(openPR) Gestärkt durch den Erfolg der letzten Jahre organisieren die beiden Partner, die Fachzeitschrift „not“ durch Hirnverletzung, Schlaganfall oder sonstige erworbene Hirnschäden und die ZNS - Hannelore Kohl Stiftung auch in diesem Jahr wieder den „Marktplatz Gehirn“ auf der größten internationalen Fachmesse für Rehabilitation, Pflege, Prävention und Integration - RehaCare. Der Messeschwerpunkt besteht aus einer offenen Forumsfläche, um die sich die zugehörigen Ausstellungsstände gruppieren. Auch in diesem Jahr präsentieren die Organisatoren ein attraktives Begleitprogramm während der gesamten Messezeit.

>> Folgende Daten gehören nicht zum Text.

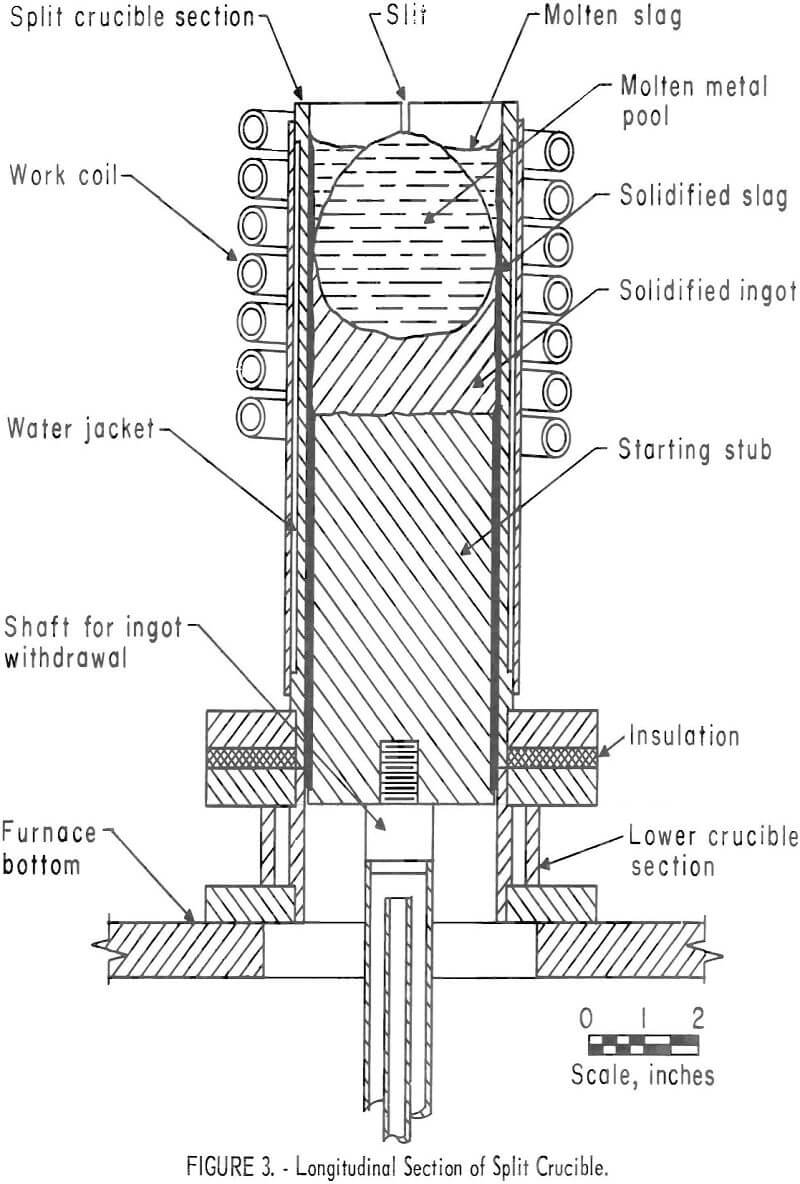 melting of titanium longitudinal section of split crucible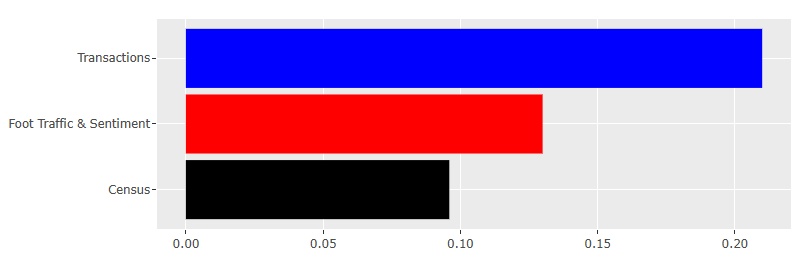 Figure 6 shows a horizontal bar chart with three bars (blue, red, and black). Each of the bars represents the contribution of certain data sources to the CARTS Nowcast for the month-over-month percent change in November retail & food services sales excluding motor vehicles and parts. The blue bar represents consumer transaction data compiled from Bloomberg Second Measure, Consumer Edge, Facteus, Numerator, and SafeGraph. The red bar represents foot traffic & sentiment data, which are compiled from Advan Research, the U.S. Energy Information Administration, and Morning Consult. The black bar represents U.S. Census Bureau data from previously released values of its Monthly Retail Trade Survey. The blue bar is the largest positive contributor in November and larger than the positive red and black bars, indicating that the CARTS Sales Nowcast for November (the sum of the three bars) was driven primarily by the transactions data, followed by the foot traffic & sentiment data and then by the historical Census Bureau data.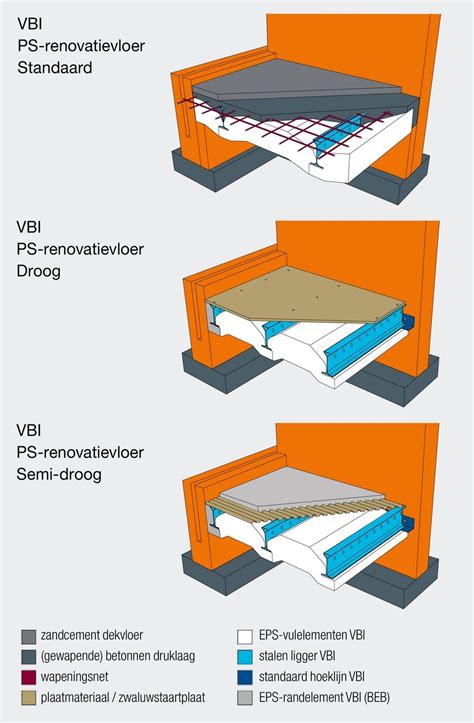 Infographic met de verschillende componenten van een broodjesvloer en hun plaatsing.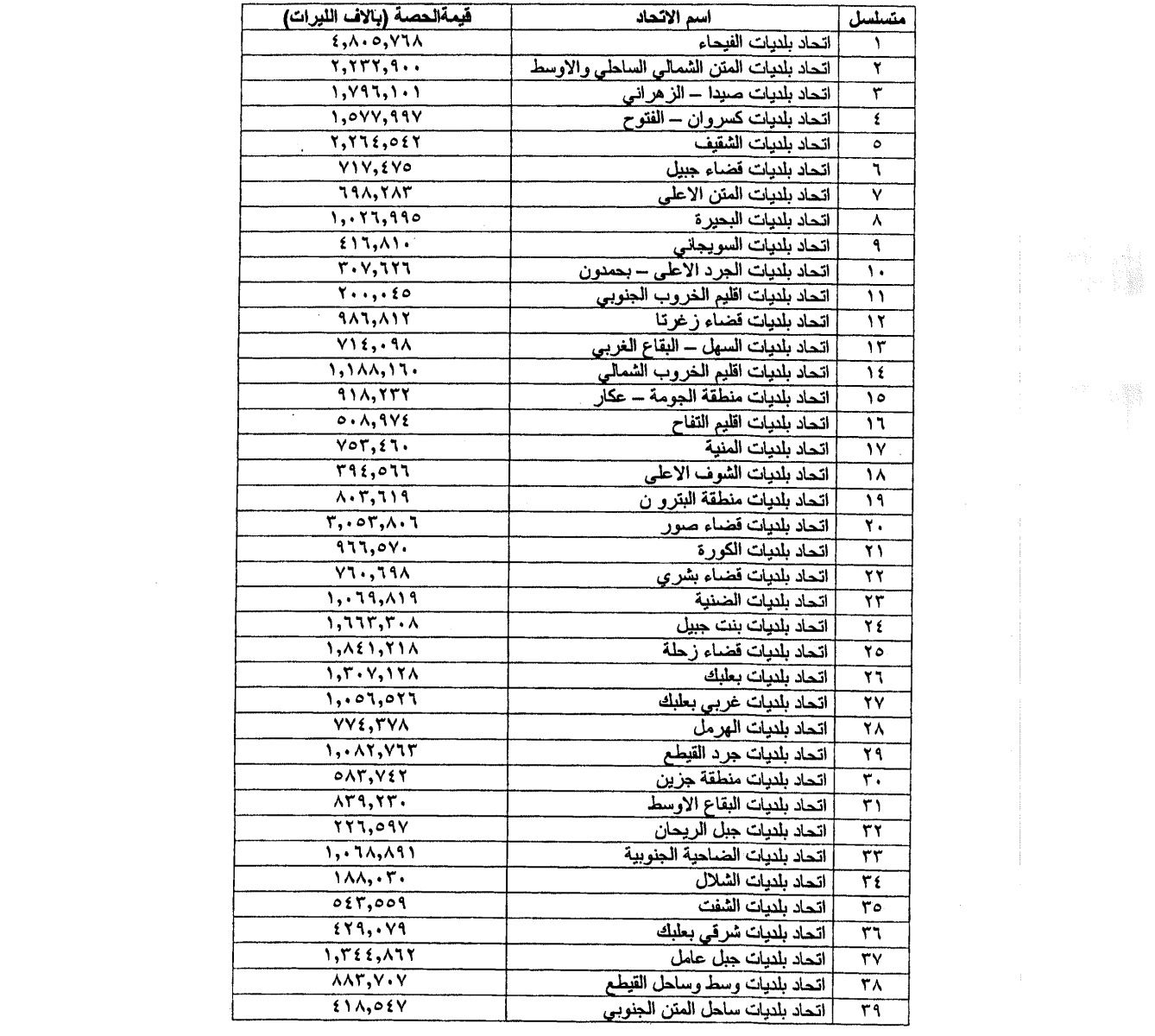 Text of the article as published, an image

Jedes Jahr erleiden in der Bundesrepublik etwa 270.000 Menschen eine Schädel-Hirnverletzung im Straßenverkehr, am Arbeitsplatz, zu Hause oder beim Sport.
Etwa ein Drittel sind durch eine schwere Hirnverletzung betroffen. Viele von diesen etwa 100.000 Geschädigten leiden an langwierigen oder dauerhaften Folgen. Die Zahlen bei den Schlaganfall-Patienten bewegen sich noch einmal in ähnlicher Höhe.
Eine schwere Hirnverletzung beeinträchtigt die Betroffenen in vielen Bereichen, sowohl körperlich, geistig wie auch seelisch. Jeder den es trifft, erleidet einen Rückschritt in seiner Entwicklung. Der „Marktplatz Gehirn“ setzt sich dafür ein, dass aus dem Rückschritt ein Forschritt werden kann. Der Messeschwerpunkt rund um’s Gehirn auf der RehaCare 2007 bietet eine optimale Basis zur Information für alle, die mit dem Thema Hirnverletzung in Verbindung stehen.
Das offene Forum in Halle 3 wird wieder von Ausstellern aus den Bereichen Neurologische Rehabilitation, Nachsorge, Pflege und Industrie umrahmt. Sie bieten Informationen, Dienstleistungen und Produkte, die speziell auf Hirnverletzte ausgerichtet sind. Neben den Organisatoren der Fachzeitschrift „not“ und der ZNS - Hannelore Kohl Stiftung finden die Besucher beim „Marktplatz Gehirn“ Verbände und Organisationen, aber auch Einrichtungen der verschiedenen Rehaphasen. Interessant für alle, die Betroffene betreuen, sind natürlich auch die Firmen, die Produkte anbieten, welche bei der Therapie unterstützen oder das eingeschränkte Leben der Betroffenen erleichtern.
Das gemeinsame Programm des „Marktplatz Gehirn“ besteht aus Diaschauen, Diskussionsforen, Filmvorführungen, Vorträgen, sowie künstlerischen und sportlerischen Darbietungen. Die Referate informieren über einschlägige Rechtsfragen, das neue Gesundheitsgesetz, Therapien und Hilfsmittel. Berufs- und Selbsthilfeverbände wollen durch interaktive Darbietungen das Programm unterstützen, ebenso verschiedene Einrichtungen und Industrieunternehmen. Sicherlich lockt auch die Vorstellung von neuen und alternativen Therapiemethoden wieder zahlreiche Zuhörer an. Der Besucher soll vor Ort erfahren wie sich der Betroffene fühlt, wie sich die Welt für ihn verändert hat und wie er wieder am Leben teilhaben kann.
Der „Marktplatz Gehirn“ auf der RehaCare 2007 soll erneut eine Plattform der Kommunikation zwischen den einzelnen Besuchergruppen und eine Drehscheibe rund um das Thema Hirnverletzung sein. Betroffene und deren Angehörige werden das Forum sicherlich auch nutzen, um mit anderen ins Gespräch zu kommen und Probleme und Erfahrungen auszutauschen. Hier werden sich hirnverletzte Menschen, Angehörige, beruflich Orientierte, wie Ärzte, Pflegepersonal und Therapeuten treffen, aber auch diejenigen, die Ziele und Wünsche dieser Patientenklientel umsetzen müssen, ob in der Industrie, der Politik oder der Selbsthilfe.